Understanding Server 2012r2 Clustering
-
@scottalanmiller said:
IT does not change that rapidly, though. Good training twenty years ago would nearly completely prepare you for IT today. That's faster change than civil engineering has, arches are arches, roads are roads. The Romans had some info that even today we lack. But it doesn't change at a pace that causes real problems. Nearly everything important that I learned was in the 1990s. There is an important element of keeping up to date, but the fundamentals don't change, just the products, prices and some nuances. It is rare that something new comes along that really changes things.
Like SSDs and how they've turned RAID 5 on it's head from previously conventional wisdom.
-
@Dashrender said:
@scottalanmiller said:
IT does not change that rapidly, though. Good training twenty years ago would nearly completely prepare you for IT today. That's faster change than civil engineering has, arches are arches, roads are roads. The Romans had some info that even today we lack. But it doesn't change at a pace that causes real problems. Nearly everything important that I learned was in the 1990s. There is an important element of keeping up to date, but the fundamentals don't change, just the products, prices and some nuances. It is rare that something new comes along that really changes things.
Like SSDs and how they've turned RAID 5 on it's head from previously conventional wisdom.

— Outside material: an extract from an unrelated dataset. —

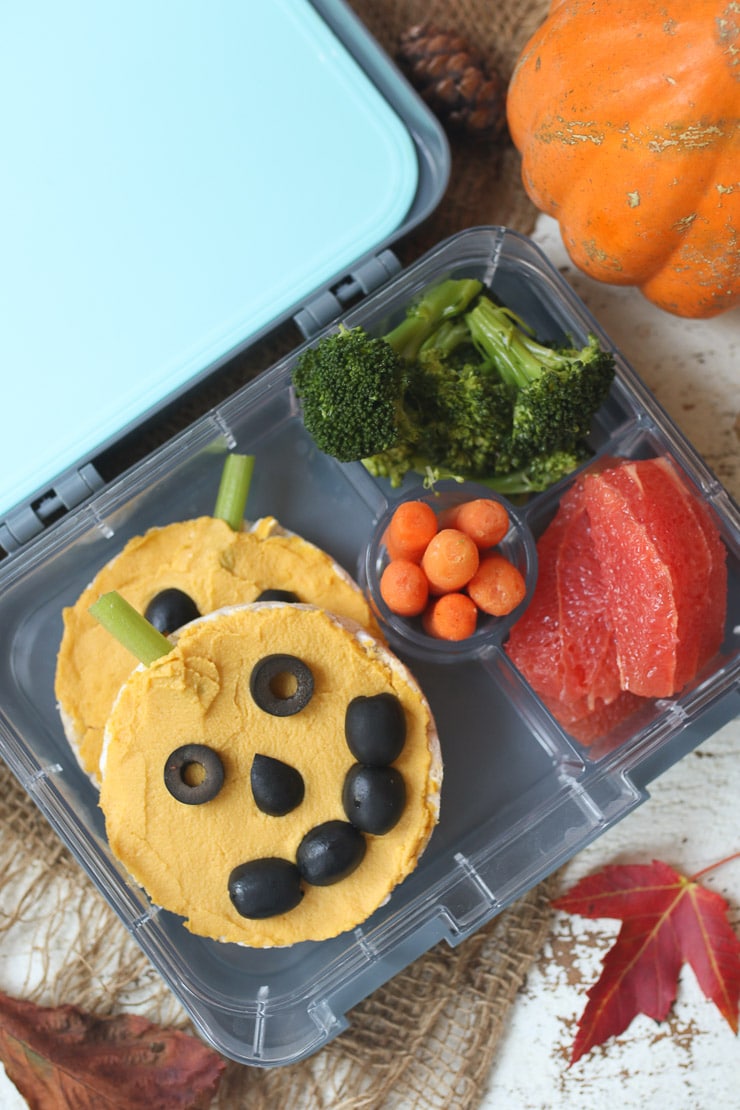 Pumpkin hummus rice cakes in a lunchbox.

That's not a change, though. It's an application of the same knowledge that was known in 1998. The fundamentals are not changed at all. It is condensed, quick rules that have to be updated based on market prices, sizes, supply changes, failure rates, etc. But understanding RAID basics (including URE rates which was the only bit rarely discussed in the 90s) is all that was ever needed. If RAID was known, SSD hasn't changed anything, it's just more of the same foundational data being applied the same way.
The attempt to learn IT by rote, as a set of rules, makes it seem to change rapidly and require constant updating. But learning the foundations provides rules and concepts that are essentially timeless and provide the foundation from which the rote rules are derived.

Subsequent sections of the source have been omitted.